Preoccupazioni per il rallentamento della catena del calcolo nazionale, debolezza della filiera immobiliare nazionale, prezzi elevati del petrolio e tassi d’interesse accomodanti potrebbero spingere l’inflazione negli Stati Uniti --- 0916 Analisi macroeconomica
- Ad agosto, il valore aggiunto industriale interno è migliorato oltre la stagionalità, con il PIL mensile risalito intorno al 4,5%. Tuttavia, desta preoccupazione il rallentamento dell’impulso della catena della potenza di calcolo sulla crescita economica, mentre la domanda interna non è ancora sufficiente a prenderne il posto; l’attuazione accelerata delle politiche esistenti diventa quindi uno strumento chiave. Si prevede che la crescita annua del PIL non sarà inferiore al 4,6%.

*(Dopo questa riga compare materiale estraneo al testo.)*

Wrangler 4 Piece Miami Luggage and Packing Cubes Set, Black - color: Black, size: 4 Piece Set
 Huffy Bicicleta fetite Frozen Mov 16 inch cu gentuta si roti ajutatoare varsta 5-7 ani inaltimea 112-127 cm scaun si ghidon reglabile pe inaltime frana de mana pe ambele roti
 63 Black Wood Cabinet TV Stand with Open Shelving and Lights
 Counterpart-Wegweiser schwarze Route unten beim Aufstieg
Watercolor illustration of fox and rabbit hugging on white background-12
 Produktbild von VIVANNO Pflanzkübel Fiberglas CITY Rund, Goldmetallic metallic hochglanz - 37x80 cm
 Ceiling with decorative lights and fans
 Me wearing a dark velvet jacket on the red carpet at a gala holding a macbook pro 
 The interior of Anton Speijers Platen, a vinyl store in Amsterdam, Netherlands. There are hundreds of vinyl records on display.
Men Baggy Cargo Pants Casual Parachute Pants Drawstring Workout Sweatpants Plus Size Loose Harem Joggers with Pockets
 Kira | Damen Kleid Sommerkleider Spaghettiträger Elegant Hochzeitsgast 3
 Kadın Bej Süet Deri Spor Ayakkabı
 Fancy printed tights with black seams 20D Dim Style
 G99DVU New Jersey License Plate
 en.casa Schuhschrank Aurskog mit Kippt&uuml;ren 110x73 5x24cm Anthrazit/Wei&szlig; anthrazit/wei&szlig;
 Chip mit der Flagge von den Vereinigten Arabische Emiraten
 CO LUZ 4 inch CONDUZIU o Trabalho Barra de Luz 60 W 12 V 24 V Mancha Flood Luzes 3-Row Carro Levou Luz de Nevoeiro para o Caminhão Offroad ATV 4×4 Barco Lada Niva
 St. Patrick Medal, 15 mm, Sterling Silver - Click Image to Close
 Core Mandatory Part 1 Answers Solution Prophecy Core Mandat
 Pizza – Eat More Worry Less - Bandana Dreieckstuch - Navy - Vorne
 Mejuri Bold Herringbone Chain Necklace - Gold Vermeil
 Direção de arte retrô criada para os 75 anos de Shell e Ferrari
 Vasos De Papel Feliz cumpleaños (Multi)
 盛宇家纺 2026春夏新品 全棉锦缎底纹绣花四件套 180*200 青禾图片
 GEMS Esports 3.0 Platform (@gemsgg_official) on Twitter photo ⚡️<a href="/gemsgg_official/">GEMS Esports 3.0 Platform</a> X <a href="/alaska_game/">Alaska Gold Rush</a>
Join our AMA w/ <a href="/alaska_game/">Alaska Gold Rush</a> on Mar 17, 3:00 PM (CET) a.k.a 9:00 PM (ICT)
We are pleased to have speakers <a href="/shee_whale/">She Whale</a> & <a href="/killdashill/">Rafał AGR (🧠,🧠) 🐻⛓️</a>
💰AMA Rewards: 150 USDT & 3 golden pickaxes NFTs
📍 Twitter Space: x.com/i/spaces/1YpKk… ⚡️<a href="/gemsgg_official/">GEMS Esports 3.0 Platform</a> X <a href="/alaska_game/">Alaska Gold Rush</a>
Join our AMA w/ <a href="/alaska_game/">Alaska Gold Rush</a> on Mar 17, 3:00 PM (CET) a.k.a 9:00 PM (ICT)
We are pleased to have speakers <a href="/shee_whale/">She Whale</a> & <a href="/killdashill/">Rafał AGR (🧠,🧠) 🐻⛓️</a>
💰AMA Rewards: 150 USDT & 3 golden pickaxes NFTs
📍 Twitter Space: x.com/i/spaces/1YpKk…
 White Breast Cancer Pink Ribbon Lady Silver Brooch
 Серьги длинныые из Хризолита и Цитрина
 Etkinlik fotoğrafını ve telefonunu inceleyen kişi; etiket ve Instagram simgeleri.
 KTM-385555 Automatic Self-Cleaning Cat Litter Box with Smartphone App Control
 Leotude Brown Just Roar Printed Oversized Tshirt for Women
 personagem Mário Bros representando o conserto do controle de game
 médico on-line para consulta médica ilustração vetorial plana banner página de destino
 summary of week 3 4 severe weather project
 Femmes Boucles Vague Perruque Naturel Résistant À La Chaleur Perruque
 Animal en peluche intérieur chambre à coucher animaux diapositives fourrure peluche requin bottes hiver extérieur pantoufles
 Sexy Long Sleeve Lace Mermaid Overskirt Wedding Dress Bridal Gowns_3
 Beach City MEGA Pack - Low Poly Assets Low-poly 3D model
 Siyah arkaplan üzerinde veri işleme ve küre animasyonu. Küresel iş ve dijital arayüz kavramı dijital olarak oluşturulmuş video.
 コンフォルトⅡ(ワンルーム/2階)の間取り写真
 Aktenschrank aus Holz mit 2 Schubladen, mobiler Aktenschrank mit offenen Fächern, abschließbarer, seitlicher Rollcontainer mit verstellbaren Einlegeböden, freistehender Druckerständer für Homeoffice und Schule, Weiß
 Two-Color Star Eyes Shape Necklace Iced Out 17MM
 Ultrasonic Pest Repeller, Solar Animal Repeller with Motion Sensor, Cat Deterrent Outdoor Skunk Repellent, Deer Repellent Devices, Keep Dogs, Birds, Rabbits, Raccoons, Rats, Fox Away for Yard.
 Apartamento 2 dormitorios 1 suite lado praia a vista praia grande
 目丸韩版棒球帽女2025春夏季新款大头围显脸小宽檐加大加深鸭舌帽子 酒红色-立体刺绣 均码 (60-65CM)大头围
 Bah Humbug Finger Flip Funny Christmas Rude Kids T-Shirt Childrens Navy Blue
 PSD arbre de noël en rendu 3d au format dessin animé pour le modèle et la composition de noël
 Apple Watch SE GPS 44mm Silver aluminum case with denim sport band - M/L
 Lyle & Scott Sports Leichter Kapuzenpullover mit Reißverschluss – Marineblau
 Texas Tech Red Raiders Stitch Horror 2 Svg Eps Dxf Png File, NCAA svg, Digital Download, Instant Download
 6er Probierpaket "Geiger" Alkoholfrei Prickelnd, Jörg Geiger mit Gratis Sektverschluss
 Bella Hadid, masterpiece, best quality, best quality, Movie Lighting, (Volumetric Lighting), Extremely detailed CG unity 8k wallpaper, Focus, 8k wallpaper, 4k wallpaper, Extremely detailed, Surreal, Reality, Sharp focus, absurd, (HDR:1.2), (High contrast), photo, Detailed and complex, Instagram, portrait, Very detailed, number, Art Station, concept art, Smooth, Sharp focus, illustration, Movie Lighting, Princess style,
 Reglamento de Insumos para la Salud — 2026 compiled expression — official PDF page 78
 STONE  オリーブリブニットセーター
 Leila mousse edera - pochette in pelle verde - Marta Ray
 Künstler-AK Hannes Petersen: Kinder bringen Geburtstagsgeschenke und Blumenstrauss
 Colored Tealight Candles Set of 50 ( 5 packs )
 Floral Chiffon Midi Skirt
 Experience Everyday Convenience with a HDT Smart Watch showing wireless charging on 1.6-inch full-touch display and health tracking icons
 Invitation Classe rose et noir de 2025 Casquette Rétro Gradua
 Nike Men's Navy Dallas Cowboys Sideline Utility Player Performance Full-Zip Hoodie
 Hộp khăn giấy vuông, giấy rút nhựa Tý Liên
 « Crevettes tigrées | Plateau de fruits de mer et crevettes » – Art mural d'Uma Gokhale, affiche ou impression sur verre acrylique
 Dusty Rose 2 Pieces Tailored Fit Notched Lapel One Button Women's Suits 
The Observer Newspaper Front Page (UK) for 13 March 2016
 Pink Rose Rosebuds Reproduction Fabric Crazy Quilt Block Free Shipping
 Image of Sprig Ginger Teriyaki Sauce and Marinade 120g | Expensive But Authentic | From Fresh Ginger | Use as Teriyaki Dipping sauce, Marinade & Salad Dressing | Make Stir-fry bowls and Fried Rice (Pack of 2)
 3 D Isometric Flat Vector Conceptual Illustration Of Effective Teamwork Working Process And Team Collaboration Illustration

- A agosto, la produzione industriale ha mostrato una marginale ripresa su base annua, ma la sua sostenibilità resta da osservare. Il prossimo andamento della domanda estera sarà cruciale. Le vendite immobiliari, i nuovi cantieri e i completamenti hanno registrato un calo tendenziale mensile, e la stabilizzazione dei prezzi delle case si è ristretta. Le vendite al dettaglio sono rimaste deboli e la domanda interna è relativamente fragile. Nel complesso, le tre principali componenti degli investimenti in immobilizzazioni restano deboli: gli strumenti politici sono passati dalla riserva di progetti alla fase di erogazione dei fondi, ma non è ancora stato osservato un traino dei fondi complementari dal lato del credito.
- Negli Stati Uniti, i beni core sono rimasti stabili su base mensile; con l’innalzarsi del tasso di crescita economica nel lungo periodo, il prezzo del petrolio non è riuscito a correggersi tempestivamente. L’attuale fase di prezzi elevati del petrolio potrebbe avere impatti diversi rispetto al periodo 2011-2014. Il tasso d’interesse politico si trova al limite dell’allentamento: se la crescita del PIL del terzo trimestre dovesse continuare a salire, senza ulteriori rialzi dei tassi il tasso politico ricadrebbe completamente in area espansiva.